Keywords

Ziziphus mauritiana, Eriobotrya japonica, Antioxidants, DPPH assay, Chelating power assay, Phenols.

Introduction

Human beings are subjected to oxidative stress from various pollutants, radiations, intake of oxidized foods and in vivo production of free radicals. Uncontrolled oxidation in biological systems can damage the vital cellular membranes, proteins and nucleic acids leading to various degenerative diseases. Many studies indicate that fruits are important sources of vital compounds and act as sources of antioxidants and can protect the human beings from oxidative stress related diseases [1-3]. It has been found that regular intake of fresh fruits and vegetables lowers the risk of diseases associated with oxidative stress by providing bioactive compounds like ascorbic acid, flavonoids, proteins, carbohydrates, vitamin C and polyphenols such as anthocyanins, phenolic acids, and tannins etc. [4-6]. These fruits are also referred as natural functional foods [7].

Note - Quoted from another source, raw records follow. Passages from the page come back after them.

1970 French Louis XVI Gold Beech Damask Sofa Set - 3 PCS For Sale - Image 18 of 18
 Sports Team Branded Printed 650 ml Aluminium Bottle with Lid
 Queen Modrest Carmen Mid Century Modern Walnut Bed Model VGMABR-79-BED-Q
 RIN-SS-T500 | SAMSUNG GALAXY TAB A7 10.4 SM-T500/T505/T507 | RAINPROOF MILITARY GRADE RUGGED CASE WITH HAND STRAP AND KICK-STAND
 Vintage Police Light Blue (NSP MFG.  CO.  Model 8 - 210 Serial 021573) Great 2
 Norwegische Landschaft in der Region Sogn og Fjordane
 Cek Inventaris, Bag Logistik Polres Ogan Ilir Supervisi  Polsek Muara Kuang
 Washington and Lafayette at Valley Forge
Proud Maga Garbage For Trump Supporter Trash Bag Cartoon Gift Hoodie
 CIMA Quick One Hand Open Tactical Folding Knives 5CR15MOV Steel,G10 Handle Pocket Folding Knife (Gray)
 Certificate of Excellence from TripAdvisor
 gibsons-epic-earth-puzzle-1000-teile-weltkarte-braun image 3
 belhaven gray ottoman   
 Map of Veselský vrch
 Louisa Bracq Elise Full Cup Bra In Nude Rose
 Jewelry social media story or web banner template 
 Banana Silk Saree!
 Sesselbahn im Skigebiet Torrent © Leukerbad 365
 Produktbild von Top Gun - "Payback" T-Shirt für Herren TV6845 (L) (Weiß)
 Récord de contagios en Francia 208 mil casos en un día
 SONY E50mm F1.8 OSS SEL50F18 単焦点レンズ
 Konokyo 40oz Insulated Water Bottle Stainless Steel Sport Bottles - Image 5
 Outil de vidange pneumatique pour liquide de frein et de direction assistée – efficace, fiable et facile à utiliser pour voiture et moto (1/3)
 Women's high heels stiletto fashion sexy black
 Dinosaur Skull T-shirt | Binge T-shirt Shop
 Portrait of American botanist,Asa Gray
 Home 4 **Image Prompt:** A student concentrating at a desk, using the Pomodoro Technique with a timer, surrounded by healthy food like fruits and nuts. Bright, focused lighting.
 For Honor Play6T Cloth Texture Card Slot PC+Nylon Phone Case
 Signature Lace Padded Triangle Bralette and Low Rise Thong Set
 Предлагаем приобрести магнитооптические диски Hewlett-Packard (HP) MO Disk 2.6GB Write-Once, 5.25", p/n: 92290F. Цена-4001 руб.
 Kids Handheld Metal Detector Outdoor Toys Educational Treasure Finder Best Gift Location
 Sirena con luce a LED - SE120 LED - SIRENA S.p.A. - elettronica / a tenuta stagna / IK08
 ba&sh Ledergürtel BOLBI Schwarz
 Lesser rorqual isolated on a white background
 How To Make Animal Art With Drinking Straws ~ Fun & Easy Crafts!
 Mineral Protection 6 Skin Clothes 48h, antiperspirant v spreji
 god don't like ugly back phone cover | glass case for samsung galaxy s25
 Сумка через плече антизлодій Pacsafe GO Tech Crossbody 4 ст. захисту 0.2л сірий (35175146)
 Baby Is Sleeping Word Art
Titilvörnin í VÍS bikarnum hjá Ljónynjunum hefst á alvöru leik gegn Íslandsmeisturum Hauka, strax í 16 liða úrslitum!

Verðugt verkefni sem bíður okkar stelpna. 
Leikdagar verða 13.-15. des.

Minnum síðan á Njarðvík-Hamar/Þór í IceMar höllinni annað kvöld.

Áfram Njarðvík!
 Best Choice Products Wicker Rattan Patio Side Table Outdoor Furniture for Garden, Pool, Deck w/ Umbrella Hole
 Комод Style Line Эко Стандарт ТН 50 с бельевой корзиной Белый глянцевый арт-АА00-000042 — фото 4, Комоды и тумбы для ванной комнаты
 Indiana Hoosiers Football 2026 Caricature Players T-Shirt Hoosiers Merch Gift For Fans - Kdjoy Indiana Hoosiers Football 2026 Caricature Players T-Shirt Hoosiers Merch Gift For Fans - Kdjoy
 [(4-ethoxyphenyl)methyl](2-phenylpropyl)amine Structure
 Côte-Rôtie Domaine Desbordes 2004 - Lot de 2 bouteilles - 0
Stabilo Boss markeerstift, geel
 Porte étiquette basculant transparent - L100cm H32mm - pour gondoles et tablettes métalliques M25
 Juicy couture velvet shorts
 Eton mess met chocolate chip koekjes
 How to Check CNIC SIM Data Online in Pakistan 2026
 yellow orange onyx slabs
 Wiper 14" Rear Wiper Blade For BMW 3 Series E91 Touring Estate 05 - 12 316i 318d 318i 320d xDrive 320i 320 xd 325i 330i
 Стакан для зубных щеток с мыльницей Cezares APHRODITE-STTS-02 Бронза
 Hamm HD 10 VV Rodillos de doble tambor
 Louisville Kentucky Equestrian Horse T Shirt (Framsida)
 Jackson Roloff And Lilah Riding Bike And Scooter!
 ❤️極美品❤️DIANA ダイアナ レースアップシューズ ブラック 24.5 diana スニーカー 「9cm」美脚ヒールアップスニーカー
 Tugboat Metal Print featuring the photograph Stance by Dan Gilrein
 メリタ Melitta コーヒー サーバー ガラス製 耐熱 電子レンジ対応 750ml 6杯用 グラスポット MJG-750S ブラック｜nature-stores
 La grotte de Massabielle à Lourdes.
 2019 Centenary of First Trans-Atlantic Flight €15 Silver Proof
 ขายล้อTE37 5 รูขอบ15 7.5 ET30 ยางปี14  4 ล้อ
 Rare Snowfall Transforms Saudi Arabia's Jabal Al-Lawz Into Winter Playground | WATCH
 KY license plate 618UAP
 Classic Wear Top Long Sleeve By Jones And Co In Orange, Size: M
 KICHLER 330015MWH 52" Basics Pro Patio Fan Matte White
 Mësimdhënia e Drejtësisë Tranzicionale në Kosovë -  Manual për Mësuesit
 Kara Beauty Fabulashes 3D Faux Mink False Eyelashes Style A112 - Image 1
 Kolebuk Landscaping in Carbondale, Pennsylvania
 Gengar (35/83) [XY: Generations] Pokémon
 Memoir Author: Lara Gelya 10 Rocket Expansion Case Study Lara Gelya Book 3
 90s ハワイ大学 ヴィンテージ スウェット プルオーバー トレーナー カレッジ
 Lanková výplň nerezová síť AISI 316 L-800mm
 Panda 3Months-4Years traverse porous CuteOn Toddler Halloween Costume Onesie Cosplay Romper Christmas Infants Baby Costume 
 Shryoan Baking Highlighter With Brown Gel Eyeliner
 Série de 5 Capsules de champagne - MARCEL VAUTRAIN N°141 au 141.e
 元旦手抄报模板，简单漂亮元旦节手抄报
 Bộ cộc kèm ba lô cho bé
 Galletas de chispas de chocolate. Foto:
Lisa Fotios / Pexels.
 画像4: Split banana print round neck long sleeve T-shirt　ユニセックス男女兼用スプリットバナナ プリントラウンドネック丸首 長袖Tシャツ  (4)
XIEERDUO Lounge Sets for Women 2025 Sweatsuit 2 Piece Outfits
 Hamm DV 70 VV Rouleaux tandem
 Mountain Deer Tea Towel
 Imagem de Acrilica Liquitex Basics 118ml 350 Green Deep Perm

Currently, limited information is available about the antioxidant activities of major two fruits of India i.e. Ziziphus mauritiana and Eriobotrya japonica. The plant Ziziphus mauritiana belongs to family Rhamnaceae, while Eriobotrya japonica belongs to family Rosaceae. Both fruits are very nutritious and are eaten raw or cooked. Therefore, this study was planned to know the antioxidants properties of these fruits using aqueous extract and employing DPPH assay and chelating power assay.

Materials and Methods

Plant materials

Fresh fruits of Ziziphus mauritiana and Eriobotrya japonica were purchased from the local market of Amritsar, Punjab, India. Fruits were washed with tap water.

         (Ziziphus mauritiana)                    (Eriobotrya japonica)

Preparation of extract

One gram fruit (without seed) was ground in pestle and mortar using liquid nitrogen. The powder was homogenized in 5ml distilled water and centrifuged at 4°C at 10,000 rpm for 15 min and the supernatant (aqueous extract) was used for further analysis.

Total phenolic content (TPC)

Total phenolic content of aqueous extract was determined by using method given by Singleton and Rossi [8]. Fruit extract (100μl) was diluted with water (upto 3 ml) and FC reagent (0.5 ml) was added. 2 ml sodium carbonate (20%) was added after three minutes and the absorbance of solution was measured at 650 nm using UV-Visible spectrophotometer. The results were measured in terms of mg gallic acid/100g fresh weight material.

Total flavonoid content (TFC)

Total flavonoid content of aqueous extract of fruits was determined as per method suggested by Kim [9]. 1ml sample was diluted with 4ml distilled water and mixed with 300μl NaNO2 (5%). 300μl AlCl3 (10%) was added to the solution and kept undisturbed for 5 minutes. After addition of 2ml NaOH (1M) solution was diluted with distilled water to prepare10 ml of total solution and absorbance of solution was taken at 510 nm. The results were measured in mg rutin/100g fresh weight material.

Antioxidant activities

DPPH free radical scavenging assay

The antioxidant activities of plant extracts on DPPH radical was estimated according to Blois [10]. The reaction mixture contains 200 μl different extract concentrations (25-200 mg/ml) and 2 ml of DPPH (0.1 mM in methanolic solution). The absorbance of the solution was recorded at 517 nm. The radical scavenging activity was expressed as inhibition percentage (% inhibition) and calculated as follows:

% DPPH radical scavenging = (1- AS/AC)*100.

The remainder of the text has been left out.